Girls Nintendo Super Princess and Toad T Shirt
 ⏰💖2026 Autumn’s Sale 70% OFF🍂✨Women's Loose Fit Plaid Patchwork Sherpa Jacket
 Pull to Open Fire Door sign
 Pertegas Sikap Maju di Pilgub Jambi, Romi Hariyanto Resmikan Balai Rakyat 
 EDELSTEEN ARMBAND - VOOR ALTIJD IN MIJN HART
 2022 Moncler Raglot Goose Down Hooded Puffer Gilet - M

**Exercise requirements:** Everything from the line holding "Pull to Open Fire Door sign" through the final line of the material must be given again exactly, and nothing outside that stretch.

**Response area:**
 Pull to Open Fire Door sign
 Pertegas Sikap Maju di Pilgub Jambi, Romi Hariyanto Resmikan Balai Rakyat 
 EDELSTEEN ARMBAND - VOOR ALTIJD IN MIJN HART
 2022 Moncler Raglot Goose Down Hooded Puffer Gilet - M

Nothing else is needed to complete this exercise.